Gwenn S. Smith, PhD; Adrian W. Laxton, MD; David F. Tang-Wai, MDCM, FRCPC; Mary Pat McAndrews, PhD; Andreea Oliviana Diaconescu, PhD; Clifford I. Workman, BS; Andres M. Lozano, MD, PhD, FRCSC
Arch Neurol. 2012;69(9):1141-1148. doi:10.1001/archneurol.2012.590
Increased Cerebral Metabolism After 1 Year of Deep Brain Stimulation in Alzheimer Disease
Background The importance of developing unique, neural circuitry–based treatments for the cognitive and neuropsychiatric symptoms of Alzheimer disease (AD) was the impetus for a phase I study of deep brain stimulation (DBS) in patients with AD that targeted the fornix.

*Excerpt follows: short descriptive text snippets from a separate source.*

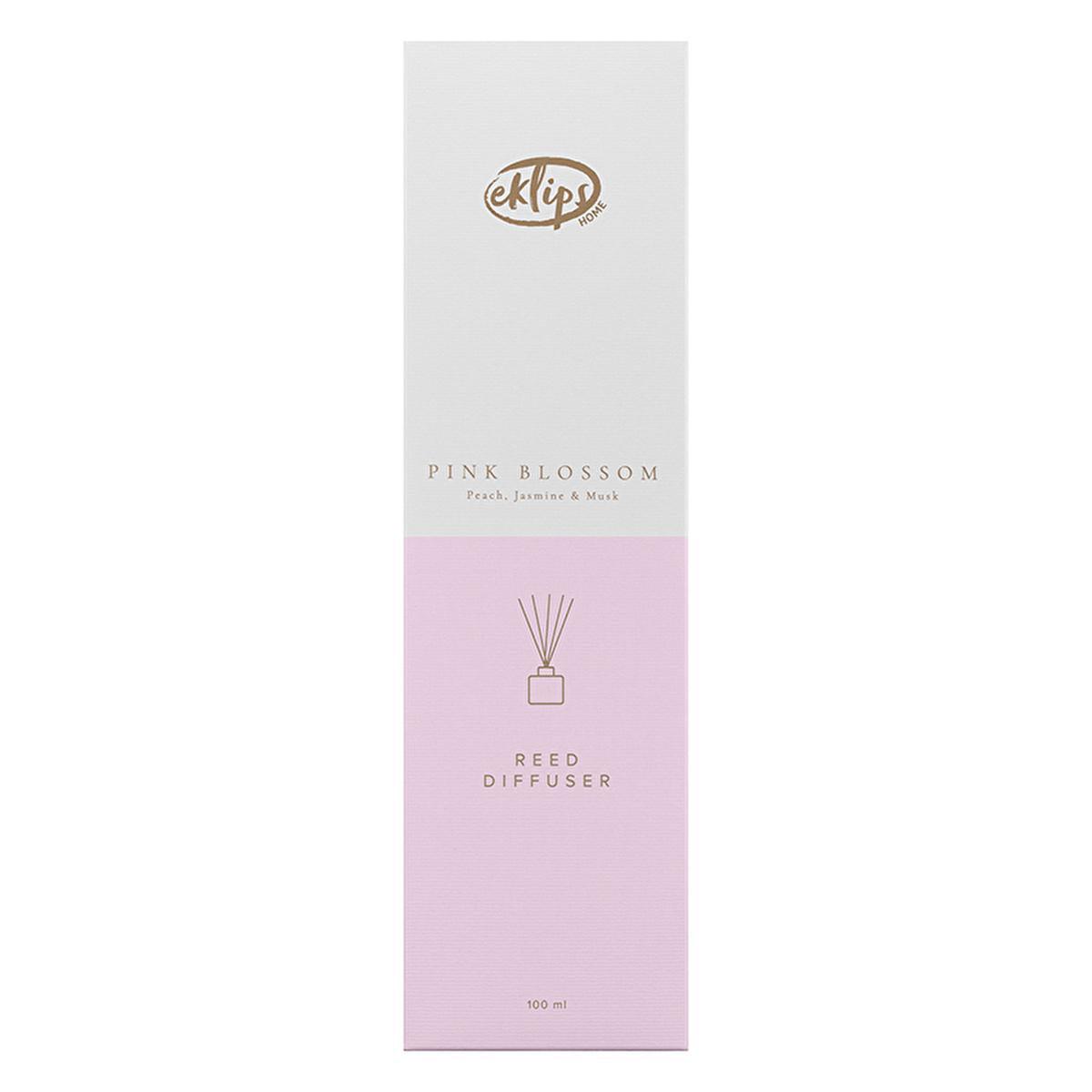 Eklips Pink Blossom Reed Diffuser - 100ml Floral Home Fragrance for a Fresh Indoor Scent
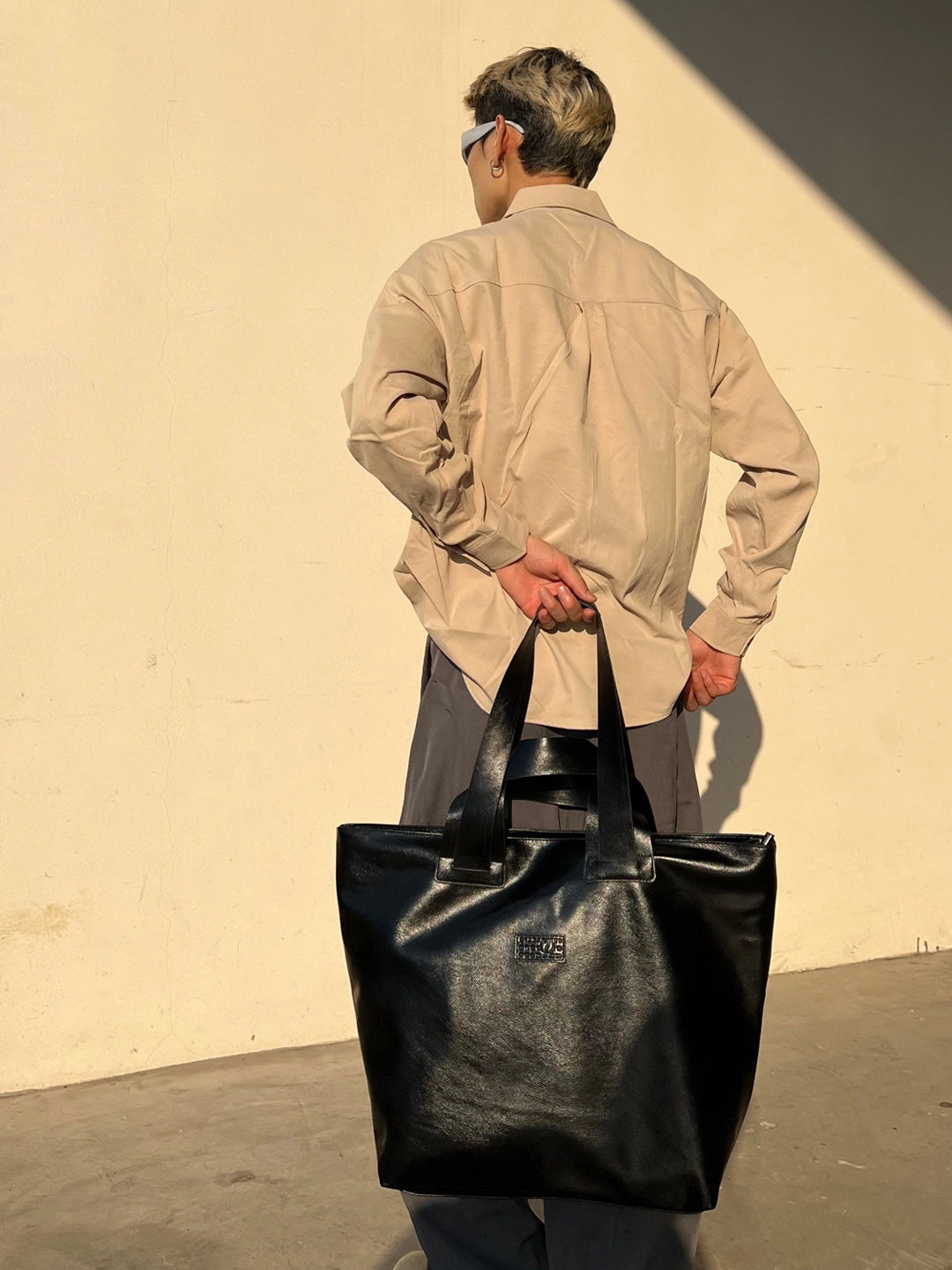 Leather Large Capacity Tote Bag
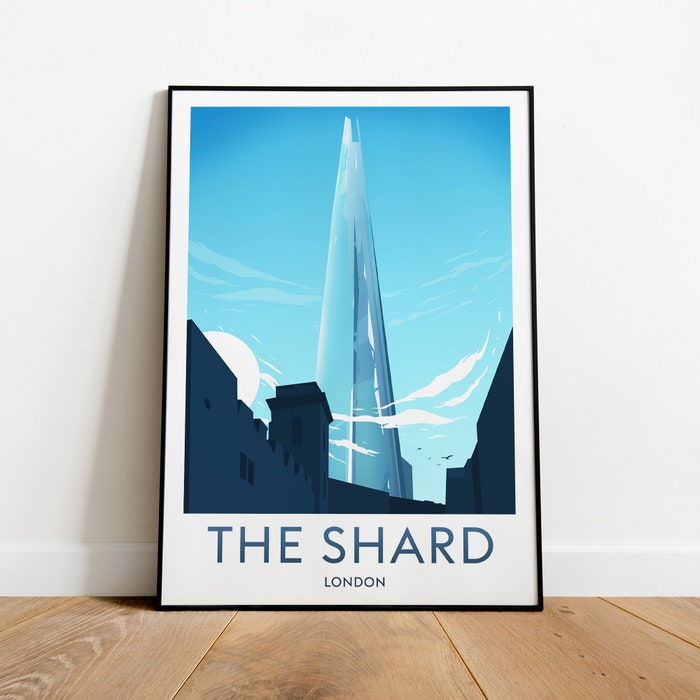 The Shard Travel Canvas Poster Print - London Shard Print Shard Poster
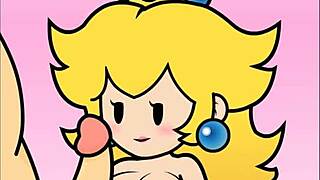 Hey, check out this paper peach handjob animation by peachypop34 with flashing fun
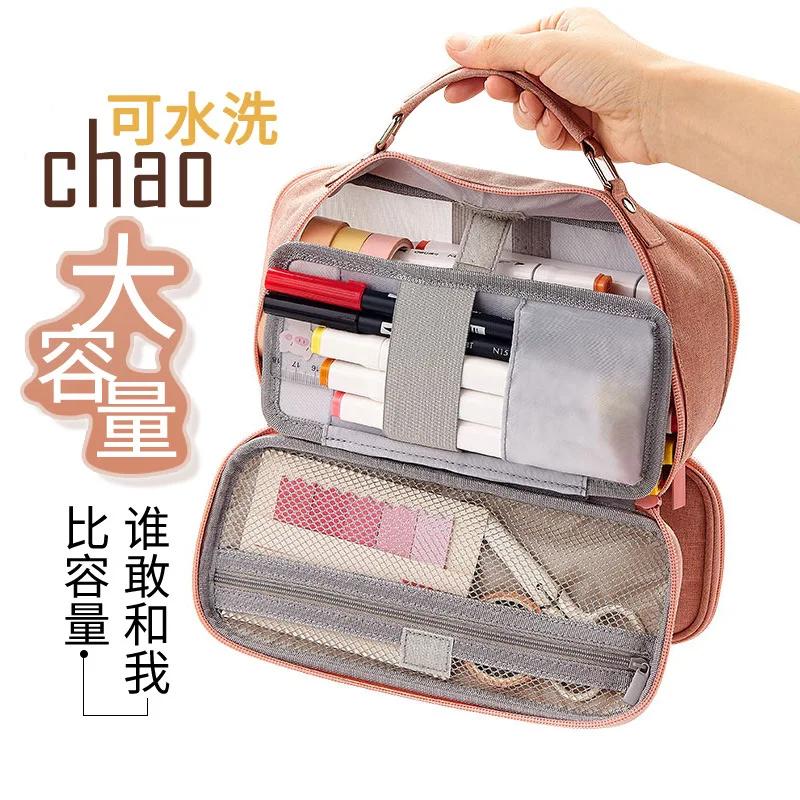 Angoo Pencil Case Large-Volume Multi-functional Multilayer Canvas Learning Stationery Simple Women's INS Wind Junior High School
Angoo Pencil Case Large-Volume Multi-functional Multilayer Canvas Learning Stationery Simple Women's INS Wind Junior High School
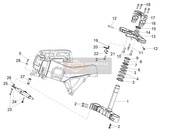 2B008933, Steering Shock Absorber, Piaggio, 1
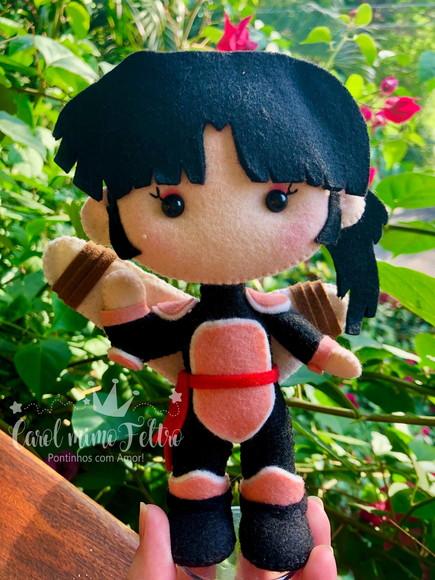 Sango e Kirara em Feltro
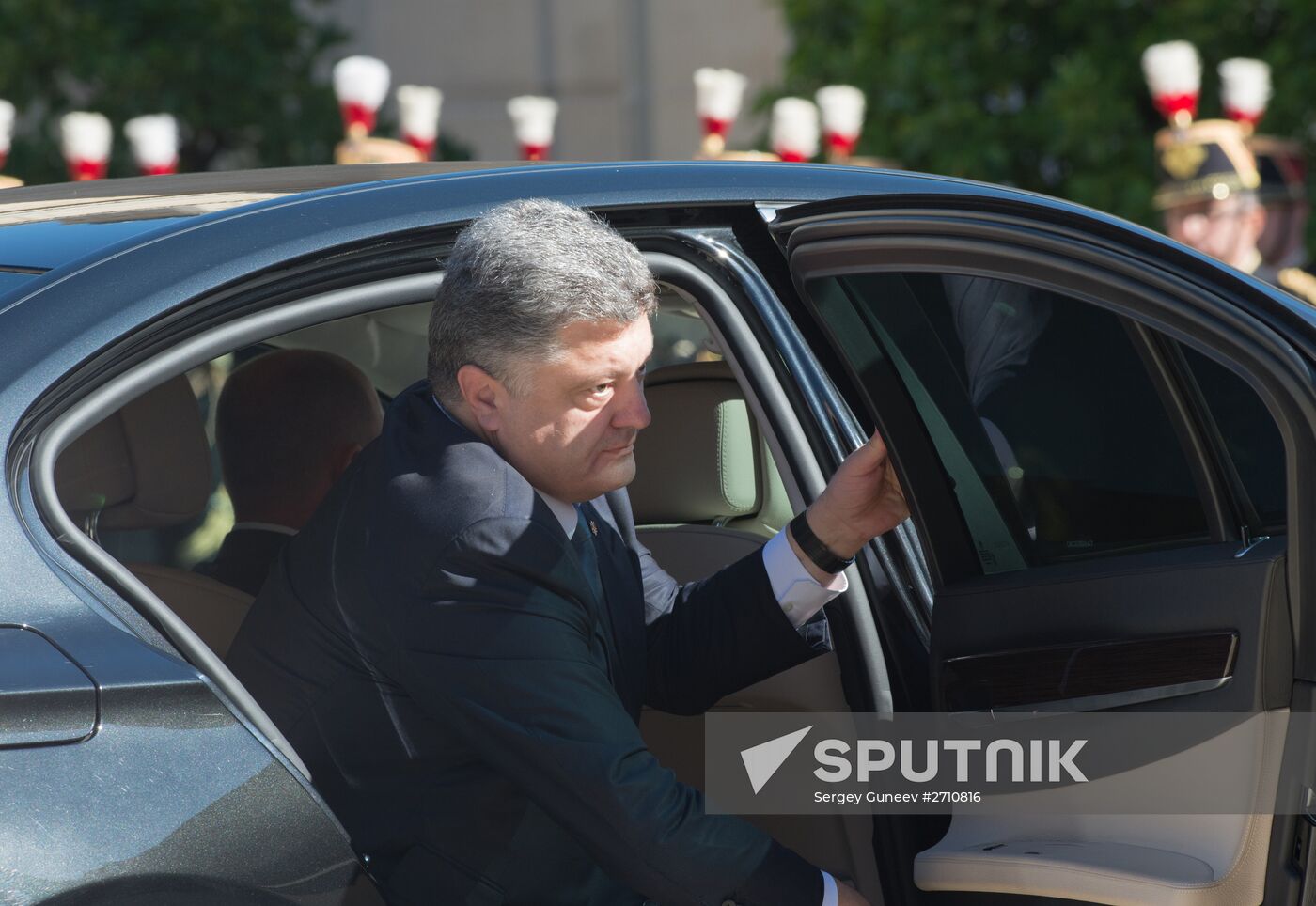 President Vladimir Putin visits France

Objective To test the hypotheses that DBS would increase cerebral glucose metabolism in cortical and hippocampal circuits and that increased metabolism would be correlated with better clinical outcomes.
Design Open-label trial.
Setting Academic medical center.
Patients A total of 5 patients with mild, probable AD (1 woman and 4 men, with a mean [SD] age of 62.6 [4.2] years).
Intervention Deep brain stimulation of the fornix.
Main Outcome Measures All patients underwent clinical follow-up and high-resolution positron emission tomography studies of cerebral glucose metabolism after 1 year of DBS.
Results Functional connectivity analyses revealed that 1 year of DBS increased cerebral glucose metabolism in 2 orthogonal networks: a frontal-temporal-parietal-striatal-thalamic network and a frontal-temporal-parietal-occipital-hippocampal network. In similar cortical regions, higher baseline metabolism prior to DBS and increased metabolism after 1 year of DBS were correlated with better outcomes in global cognition, memory, and quality of life.
Conclusions Increased connectivity after 1 year of DBS is observed, which is in contrast to the decreased connectivity observed over the course of AD. The persistent cortical metabolic increases after 1 year of DBS were associated with better clinical outcomes in this patient sample and are greater in magnitude and more extensive in the effects on cortical circuitry compared with the effects reported for pharmacotherapy over 1 year in AD.